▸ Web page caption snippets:
--------------------------------------------------

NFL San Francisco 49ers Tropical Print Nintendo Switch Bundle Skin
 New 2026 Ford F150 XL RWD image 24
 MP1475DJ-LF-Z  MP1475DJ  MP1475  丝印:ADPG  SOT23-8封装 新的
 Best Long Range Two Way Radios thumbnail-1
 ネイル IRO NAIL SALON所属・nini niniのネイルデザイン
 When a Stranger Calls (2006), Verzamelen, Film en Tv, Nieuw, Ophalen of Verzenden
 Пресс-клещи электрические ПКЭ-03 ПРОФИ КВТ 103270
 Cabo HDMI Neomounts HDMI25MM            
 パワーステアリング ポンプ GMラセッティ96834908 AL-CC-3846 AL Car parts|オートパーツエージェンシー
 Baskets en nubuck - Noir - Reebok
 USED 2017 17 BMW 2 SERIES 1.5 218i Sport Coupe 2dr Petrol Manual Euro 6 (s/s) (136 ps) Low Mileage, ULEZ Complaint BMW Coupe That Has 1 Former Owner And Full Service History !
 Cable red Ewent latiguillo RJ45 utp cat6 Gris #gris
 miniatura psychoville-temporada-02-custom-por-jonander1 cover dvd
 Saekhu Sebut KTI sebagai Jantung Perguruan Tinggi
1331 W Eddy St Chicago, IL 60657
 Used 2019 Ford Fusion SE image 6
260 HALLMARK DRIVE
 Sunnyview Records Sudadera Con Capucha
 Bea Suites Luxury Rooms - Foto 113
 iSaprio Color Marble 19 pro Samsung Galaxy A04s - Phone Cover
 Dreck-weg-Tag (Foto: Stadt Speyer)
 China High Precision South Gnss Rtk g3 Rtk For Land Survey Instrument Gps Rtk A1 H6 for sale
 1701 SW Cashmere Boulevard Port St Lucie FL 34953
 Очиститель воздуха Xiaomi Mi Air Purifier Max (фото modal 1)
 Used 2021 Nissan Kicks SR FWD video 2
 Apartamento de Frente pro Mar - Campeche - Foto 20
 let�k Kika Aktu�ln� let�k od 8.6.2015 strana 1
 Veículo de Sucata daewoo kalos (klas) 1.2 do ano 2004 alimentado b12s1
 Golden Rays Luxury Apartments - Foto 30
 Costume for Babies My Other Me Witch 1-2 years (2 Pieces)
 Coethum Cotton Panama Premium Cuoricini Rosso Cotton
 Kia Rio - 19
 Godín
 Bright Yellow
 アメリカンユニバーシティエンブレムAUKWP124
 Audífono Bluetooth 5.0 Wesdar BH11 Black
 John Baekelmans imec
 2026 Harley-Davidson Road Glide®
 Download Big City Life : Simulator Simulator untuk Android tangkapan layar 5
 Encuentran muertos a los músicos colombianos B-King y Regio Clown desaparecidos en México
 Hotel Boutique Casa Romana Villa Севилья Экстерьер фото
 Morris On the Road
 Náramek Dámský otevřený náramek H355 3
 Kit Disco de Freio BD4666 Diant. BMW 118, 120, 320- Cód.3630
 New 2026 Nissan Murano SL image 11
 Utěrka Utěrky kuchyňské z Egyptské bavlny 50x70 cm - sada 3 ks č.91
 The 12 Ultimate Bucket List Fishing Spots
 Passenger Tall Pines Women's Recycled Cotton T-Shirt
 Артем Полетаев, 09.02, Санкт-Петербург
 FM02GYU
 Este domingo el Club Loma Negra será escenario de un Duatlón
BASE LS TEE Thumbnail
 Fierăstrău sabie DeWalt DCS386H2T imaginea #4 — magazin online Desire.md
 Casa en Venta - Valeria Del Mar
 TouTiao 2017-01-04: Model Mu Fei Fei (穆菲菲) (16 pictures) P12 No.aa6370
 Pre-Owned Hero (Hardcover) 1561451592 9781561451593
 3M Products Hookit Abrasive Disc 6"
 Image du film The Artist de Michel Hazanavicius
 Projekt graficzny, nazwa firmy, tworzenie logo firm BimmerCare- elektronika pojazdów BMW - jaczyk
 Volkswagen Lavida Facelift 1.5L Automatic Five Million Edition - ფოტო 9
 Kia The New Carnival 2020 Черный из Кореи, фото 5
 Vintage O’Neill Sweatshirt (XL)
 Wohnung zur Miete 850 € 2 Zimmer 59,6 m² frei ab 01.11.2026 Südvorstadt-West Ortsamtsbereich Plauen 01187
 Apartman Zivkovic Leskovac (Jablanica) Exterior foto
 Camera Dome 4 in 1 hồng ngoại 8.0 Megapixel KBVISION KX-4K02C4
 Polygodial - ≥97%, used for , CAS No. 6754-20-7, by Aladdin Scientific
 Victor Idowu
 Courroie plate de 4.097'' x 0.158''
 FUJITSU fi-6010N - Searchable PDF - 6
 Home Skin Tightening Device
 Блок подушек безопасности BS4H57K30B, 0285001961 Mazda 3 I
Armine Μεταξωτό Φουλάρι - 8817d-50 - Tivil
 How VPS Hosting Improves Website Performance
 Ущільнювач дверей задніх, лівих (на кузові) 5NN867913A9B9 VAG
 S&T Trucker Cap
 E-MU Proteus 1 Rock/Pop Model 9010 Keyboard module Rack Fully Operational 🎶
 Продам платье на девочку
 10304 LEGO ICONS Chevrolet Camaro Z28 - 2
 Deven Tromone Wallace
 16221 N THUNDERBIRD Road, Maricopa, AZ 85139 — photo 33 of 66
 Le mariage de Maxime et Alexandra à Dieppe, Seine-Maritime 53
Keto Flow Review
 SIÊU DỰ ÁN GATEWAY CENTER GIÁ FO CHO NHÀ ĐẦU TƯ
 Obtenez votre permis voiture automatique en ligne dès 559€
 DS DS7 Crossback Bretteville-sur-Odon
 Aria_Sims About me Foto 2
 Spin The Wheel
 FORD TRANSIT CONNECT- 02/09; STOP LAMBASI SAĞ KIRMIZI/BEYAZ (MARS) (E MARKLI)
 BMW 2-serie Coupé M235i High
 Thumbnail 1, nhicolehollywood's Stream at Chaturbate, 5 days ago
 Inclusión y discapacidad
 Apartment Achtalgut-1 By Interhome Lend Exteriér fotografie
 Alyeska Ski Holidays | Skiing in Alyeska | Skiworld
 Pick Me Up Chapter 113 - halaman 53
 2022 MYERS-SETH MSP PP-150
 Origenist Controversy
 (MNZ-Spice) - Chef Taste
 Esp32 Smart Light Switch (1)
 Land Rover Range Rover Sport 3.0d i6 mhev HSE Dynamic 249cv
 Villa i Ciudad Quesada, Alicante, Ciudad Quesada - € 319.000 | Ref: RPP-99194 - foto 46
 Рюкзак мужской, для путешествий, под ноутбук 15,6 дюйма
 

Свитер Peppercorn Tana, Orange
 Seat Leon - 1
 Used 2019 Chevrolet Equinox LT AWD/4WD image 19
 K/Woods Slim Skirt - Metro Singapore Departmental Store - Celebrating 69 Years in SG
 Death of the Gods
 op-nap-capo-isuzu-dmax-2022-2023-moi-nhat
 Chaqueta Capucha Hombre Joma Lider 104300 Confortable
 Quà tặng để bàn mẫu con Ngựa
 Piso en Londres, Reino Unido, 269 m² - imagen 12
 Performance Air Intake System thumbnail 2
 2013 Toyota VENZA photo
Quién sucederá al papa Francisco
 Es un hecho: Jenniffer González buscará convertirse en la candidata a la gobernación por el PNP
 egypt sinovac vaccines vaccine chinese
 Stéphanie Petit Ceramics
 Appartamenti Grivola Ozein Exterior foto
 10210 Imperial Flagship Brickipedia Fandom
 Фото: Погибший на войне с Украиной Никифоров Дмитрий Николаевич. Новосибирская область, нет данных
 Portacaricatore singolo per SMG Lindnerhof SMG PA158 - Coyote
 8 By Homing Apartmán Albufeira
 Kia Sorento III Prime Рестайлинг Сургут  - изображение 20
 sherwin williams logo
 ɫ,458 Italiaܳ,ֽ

--------------------------------------------------

▸ What to work on: The first line of the records and every line down to the line with "Sunnyview Records Sudadera Con Capucha" must be quoted exactly; leave out all else.

▸ Reply:
NFL San Francisco 49ers Tropical Print Nintendo Switch Bundle Skin
 New 2026 Ford F150 XL RWD image 24
 MP1475DJ-LF-Z  MP1475DJ  MP1475  丝印:ADPG  SOT23-8封装 新的
 Best Long Range Two Way Radios thumbnail-1
 ネイル IRO NAIL SALON所属・nini niniのネイルデザイン
 When a Stranger Calls (2006), Verzamelen, Film en Tv, Nieuw, Ophalen of Verzenden
 Пресс-клещи электрические ПКЭ-03 ПРОФИ КВТ 103270
 Cabo HDMI Neomounts HDMI25MM            
 パワーステアリング ポンプ GMラセッティ96834908 AL-CC-3846 AL Car parts|オートパーツエージェンシー
 Baskets en nubuck - Noir - Reebok
 USED 2017 17 BMW 2 SERIES 1.5 218i Sport Coupe 2dr Petrol Manual Euro 6 (s/s) (136 ps) Low Mileage, ULEZ Complaint BMW Coupe That Has 1 Former Owner And Full Service History !
 Cable red Ewent latiguillo RJ45 utp cat6 Gris #gris
 miniatura psychoville-temporada-02-custom-por-jonander1 cover dvd
 Saekhu Sebut KTI sebagai Jantung Perguruan Tinggi
1331 W Eddy St Chicago, IL 60657
 Used 2019 Ford Fusion SE image 6
260 HALLMARK DRIVE
 Sunnyview Records Sudadera Con Capucha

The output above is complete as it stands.